The Battle of Samos (Greek: Ναυμαχία της Σάμου) was a naval battle fought on August 5, 1824 off the Greek island of Samos during the Greek War of Independence.
The island of Samos, under its leader, Lykourgos Logothetis, had successfully rebelled against the Ottomans in 1821. The island’s position however, a few miles off the Anatolian coast, made it vulnerable to a potential Ottoman attack. In the summer of 1824, following the destruction of Psara, a joint Ottoman-Egyptian fleet and troops assembled on the Anatolian coast, with the intention of capturing the island. Anxious to avoid repeating the failure to protect Psara, the Greek fleet, under admirals Georgios Sachtouris and Andreas Vokos Miaoulis, assembled to guard the island.

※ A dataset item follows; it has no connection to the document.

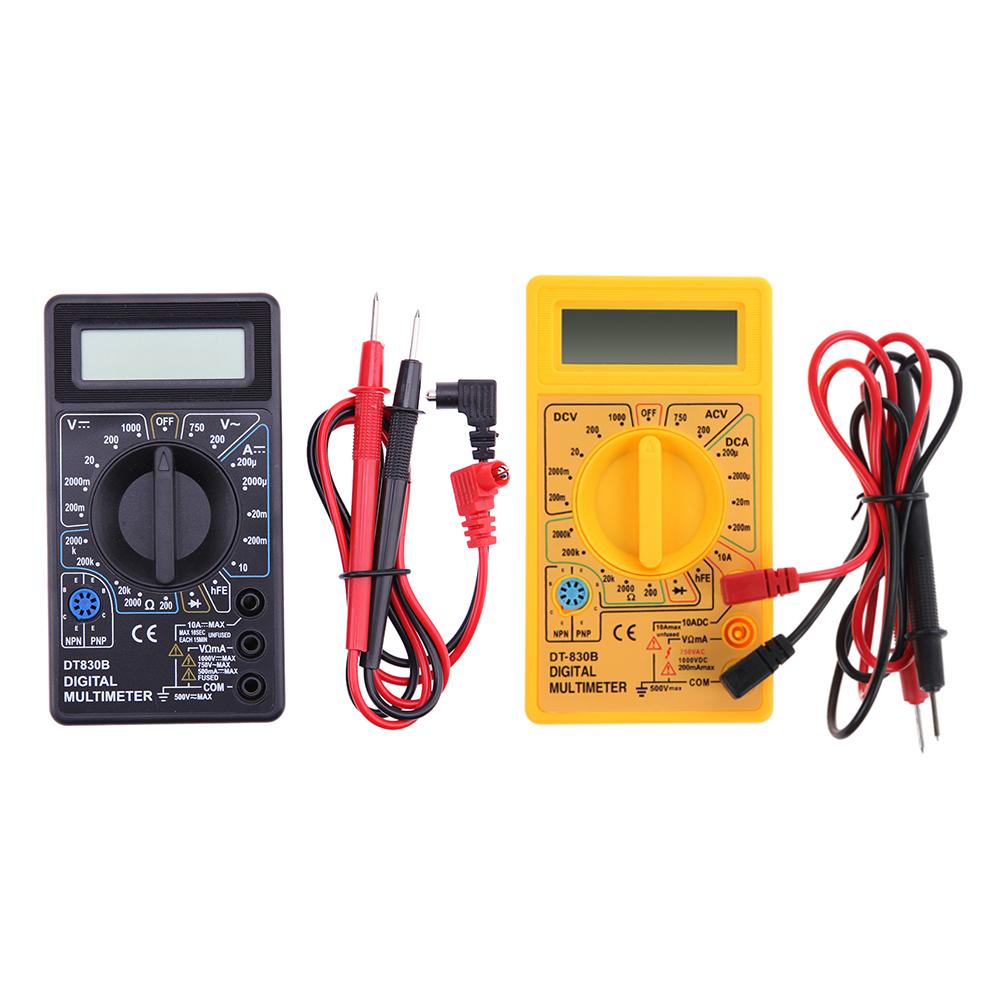 

LCD Digital DT830B Multimeter Tester Meter Voltmeter Ammeter, Black, 501 Original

The battle occurred on August 5, as the Ottoman-Egyptian fleet moved to bombard the fortress of Samos town. The Greek fireships, including one under the celebrated Constantine Kanaris, then attacked and succeeded in burning several Ottoman ships, forcing the Kapudan Pasha Mehmed Hüsrev to withdraw. Together with the victory at the strait of Gerontas soon after, the battle of Samos ensured the safety of the island; Samos was not threatened again by the Ottomans for the duration of the war. However, it was also not included in independent Greece; rather, it became an autonomous principality under Ottoman suzerainty until the Balkan Wars.